YOUR GOAL: The answer should consist of the records below, repeated exactly, and no pictures.

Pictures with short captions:
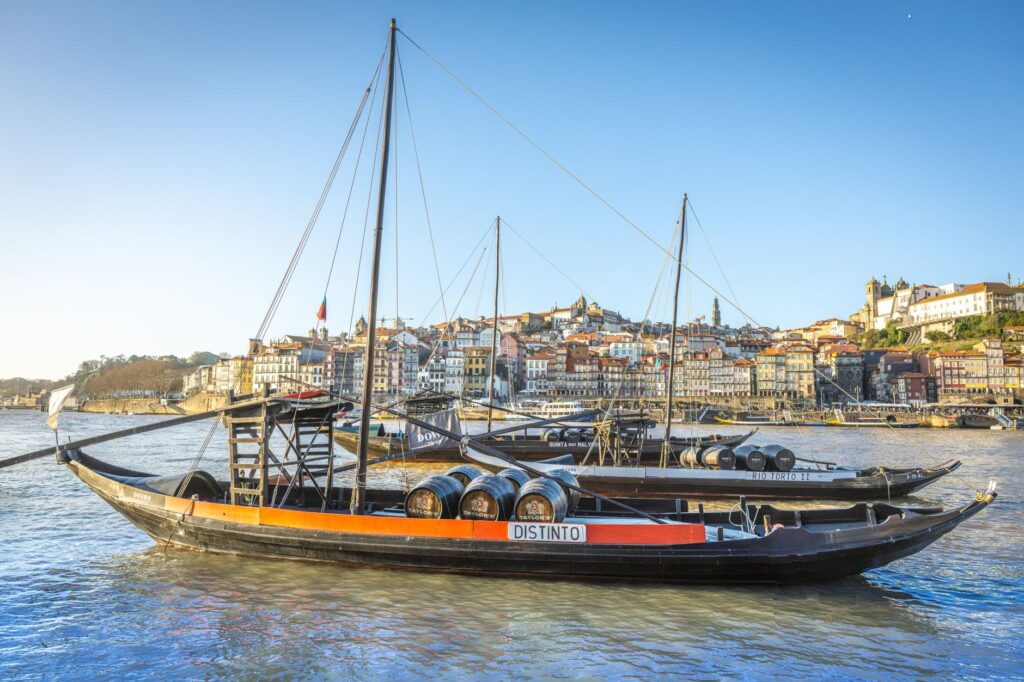 El latido costero de Oporto: Ingeniería de los puentes del Duero, arquitecturas de hierro y la conectividad fluvial del norte luso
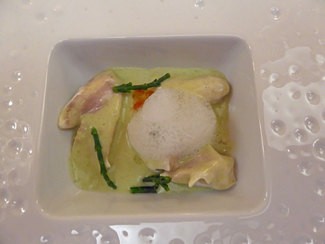 Cocochas de salmòn con crema de mantequilla de ortigas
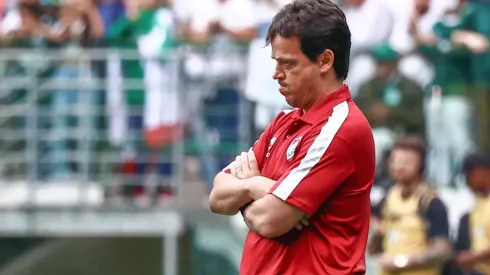 Diniz terá que encontrar solução após ter seu camisa 10 confirmado como desfalque (Foto: Marcello Zambrana/AGIF)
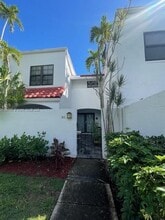 Building Photo - 20900 Leeward Ct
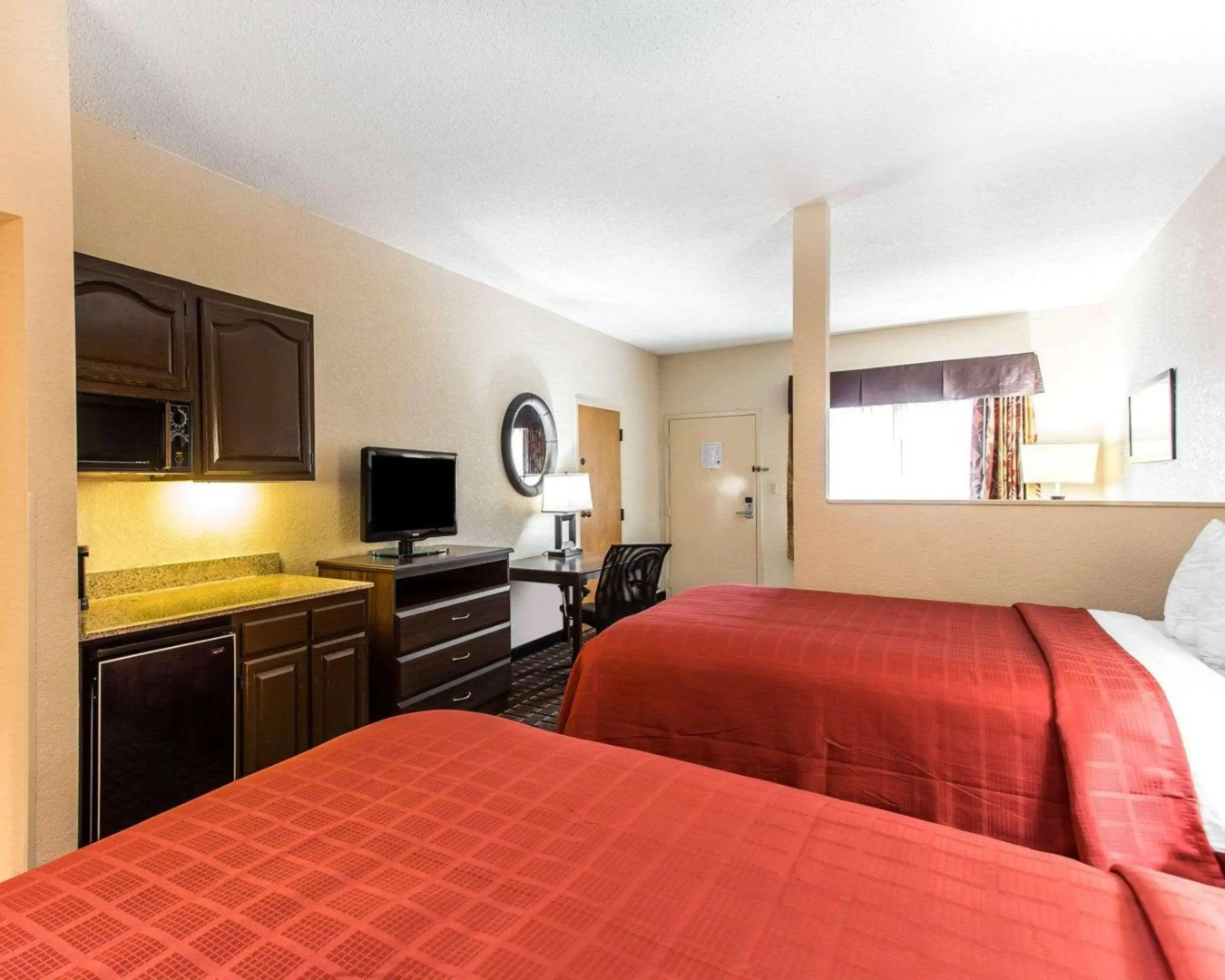 Quality Suites Hickory South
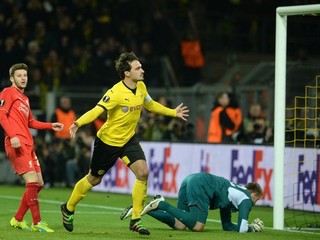 Opora Dortmundu chce vyriešiť svoju budúcnosť ešte pred ME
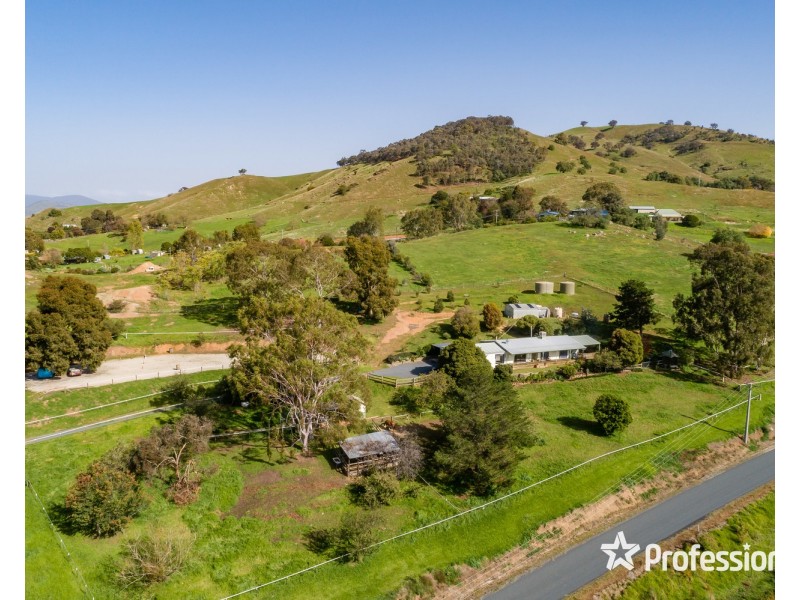 2 Dyring Street, Bethanga VIC 3691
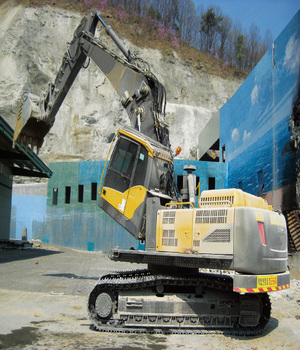 DIGGING FRONT
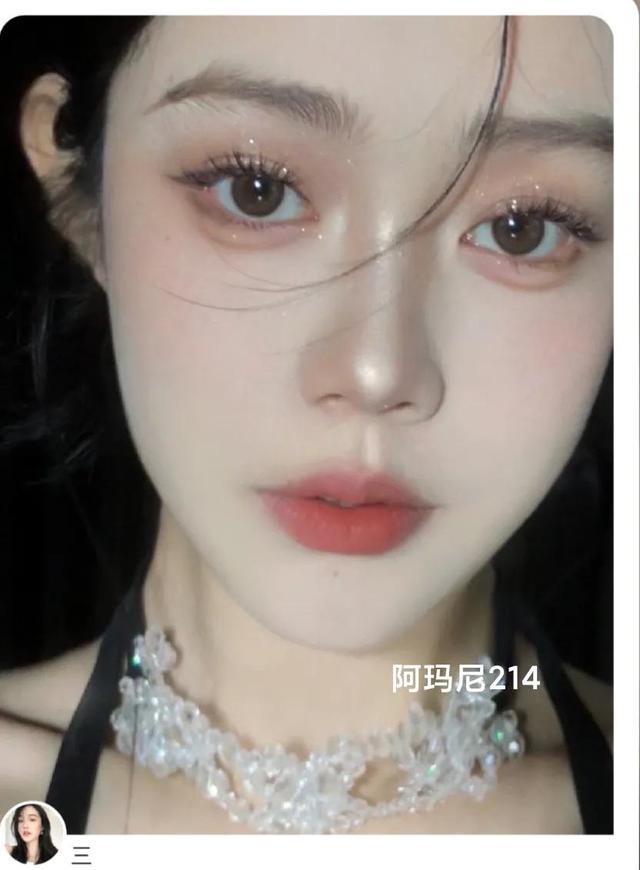 ������ǣ�������Ұ�����ı���ں�ɫ�Űɣ���������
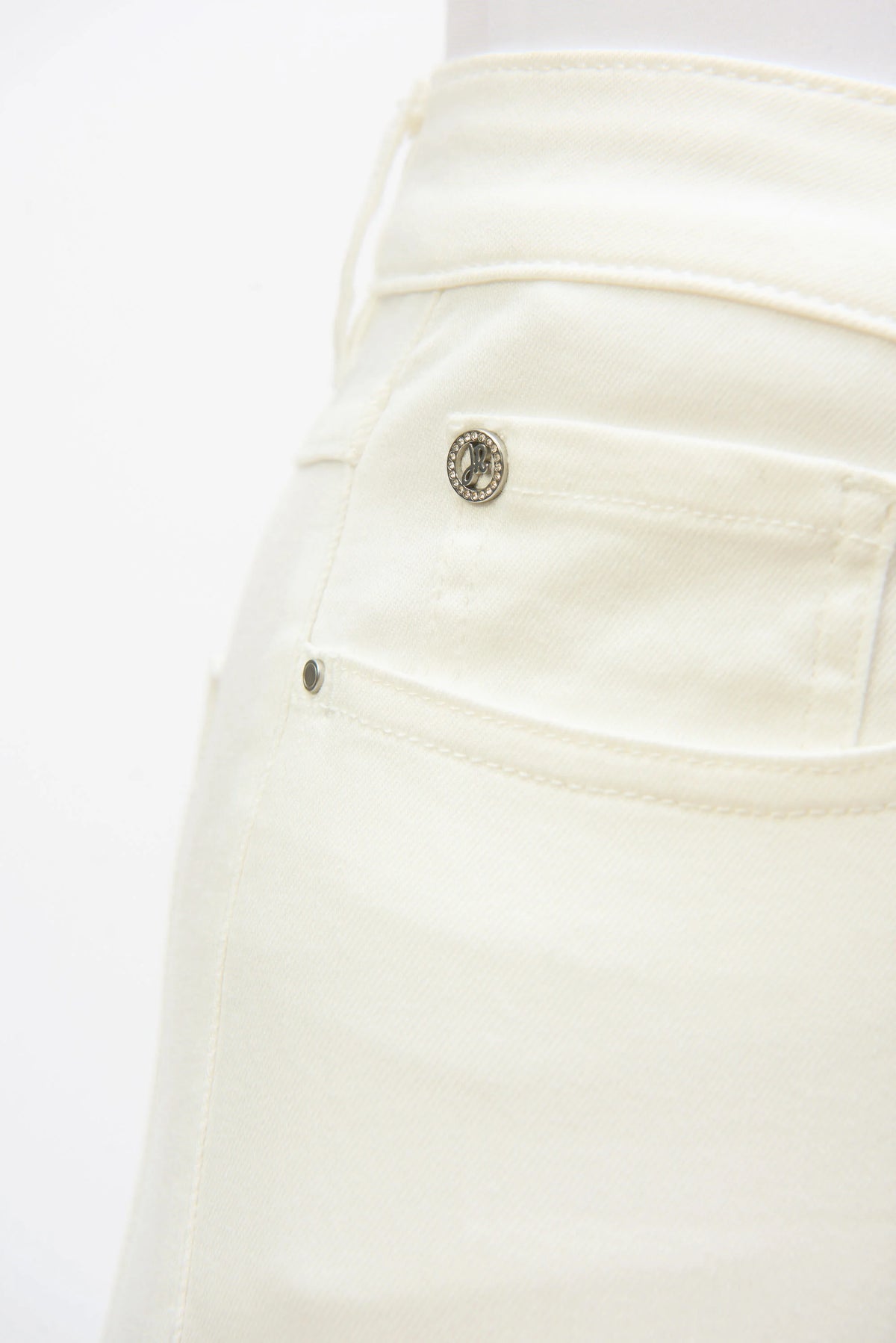 Joseph Ribkoff White Goldie | Classic Wide-Leg Stretch Jeans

YOUR RESPONSE:
 El latido costero de Oporto: Ingeniería de los puentes del Duero, arquitecturas de hierro y la conectividad fluvial del norte luso
 Cocochas de salmòn con crema de mantequilla de ortigas
 Diniz terá que encontrar solução após ter seu camisa 10 confirmado como desfalque (Foto: Marcello Zambrana/AGIF)
 Building Photo - 20900 Leeward Ct
 Quality Suites Hickory South
 Opora Dortmundu chce vyriešiť svoju budúcnosť ešte pred ME
 2 Dyring Street, Bethanga VIC 3691
 DIGGING FRONT
 ������ǣ�������Ұ�����ı���ں�ɫ�Űɣ���������
 Joseph Ribkoff White Goldie | Classic Wide-Leg Stretch Jeans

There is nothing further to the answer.